→ **Instructions for the task**:
Among the records below, find the line with "Follow the prompts" and the line with "But using this". Set down both and every line between, exactly and with no pictures, but nothing else.

· · · · · · ·

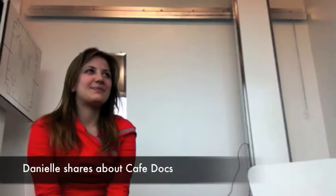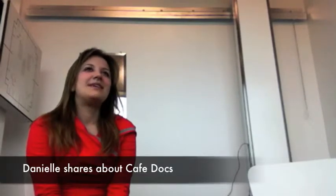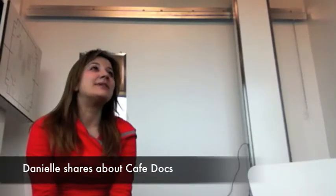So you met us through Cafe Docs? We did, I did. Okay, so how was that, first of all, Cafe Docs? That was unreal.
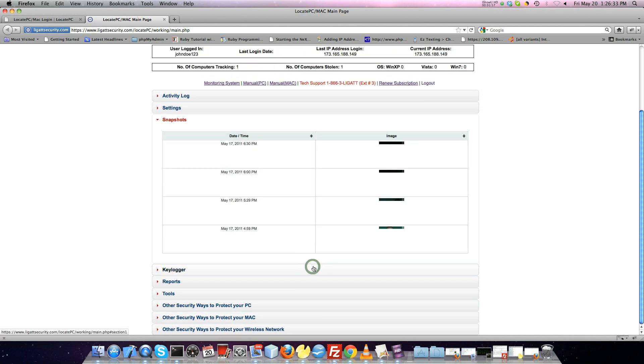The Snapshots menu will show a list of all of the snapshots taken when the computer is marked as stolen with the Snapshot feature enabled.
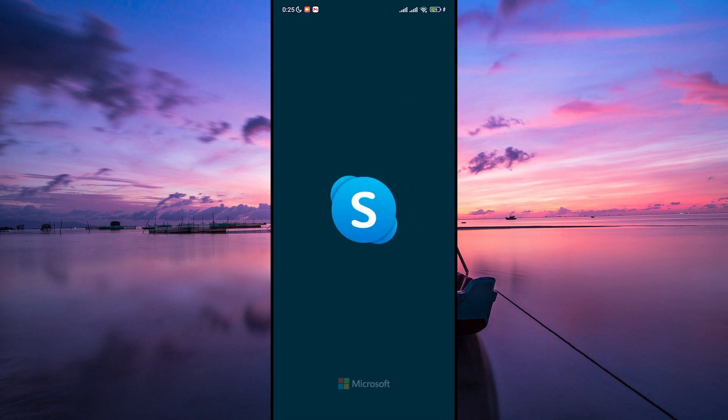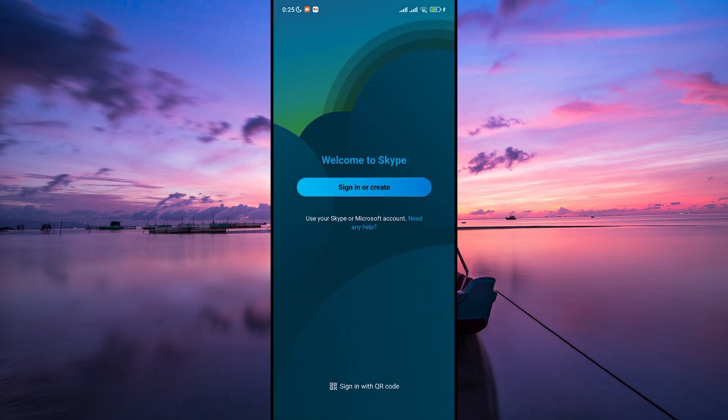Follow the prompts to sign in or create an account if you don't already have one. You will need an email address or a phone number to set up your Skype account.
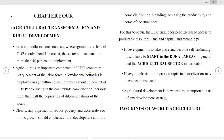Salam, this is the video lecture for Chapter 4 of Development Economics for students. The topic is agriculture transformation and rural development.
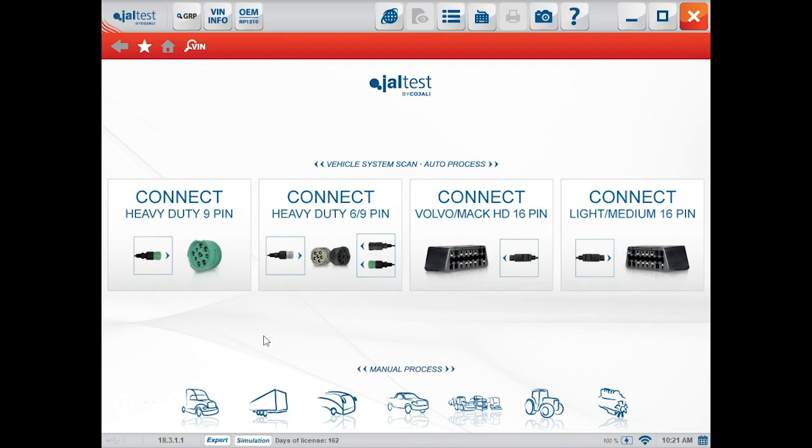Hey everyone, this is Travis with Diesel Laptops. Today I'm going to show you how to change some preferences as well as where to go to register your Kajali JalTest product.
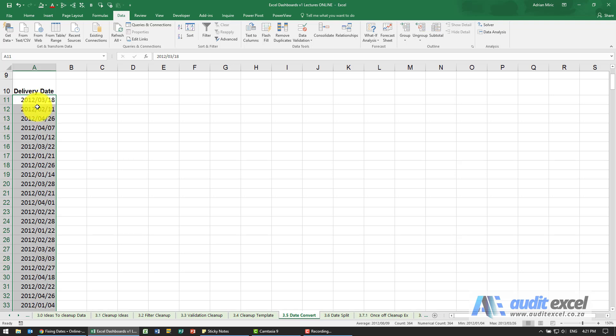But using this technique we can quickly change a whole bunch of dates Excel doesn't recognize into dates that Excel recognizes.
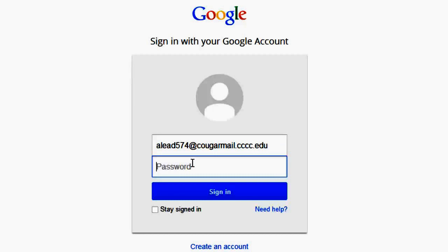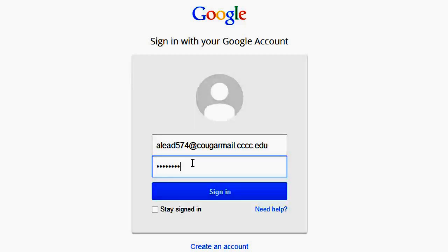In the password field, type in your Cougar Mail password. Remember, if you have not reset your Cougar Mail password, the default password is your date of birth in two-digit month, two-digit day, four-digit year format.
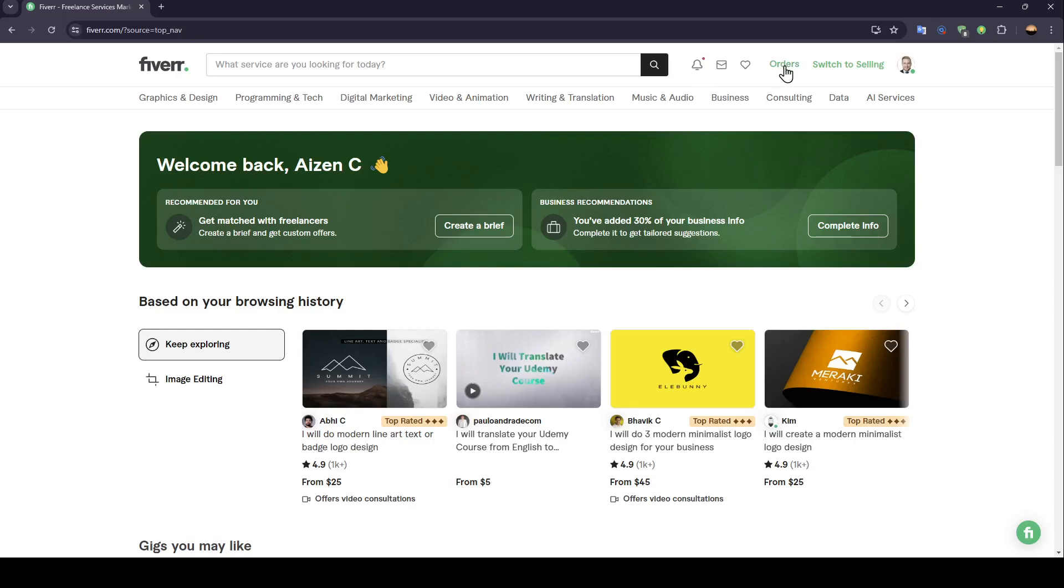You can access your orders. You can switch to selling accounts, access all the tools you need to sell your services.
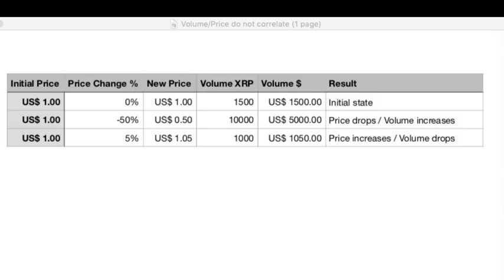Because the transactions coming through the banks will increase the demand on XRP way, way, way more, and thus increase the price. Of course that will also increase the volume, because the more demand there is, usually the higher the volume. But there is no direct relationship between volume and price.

· · · · · · ·

→ **Answer section**:
Follow the prompts to sign in or create an account if you don't already have one. You will need an email address or a phone number to set up your Skype account.
Salam, this is the video lecture for Chapter 4 of Development Economics for students. The topic is agriculture transformation and rural development.
Hey everyone, this is Travis with Diesel Laptops. Today I'm going to show you how to change some preferences as well as where to go to register your Kajali JalTest product.
But using this technique we can quickly change a whole bunch of dates Excel doesn't recognize into dates that Excel recognizes.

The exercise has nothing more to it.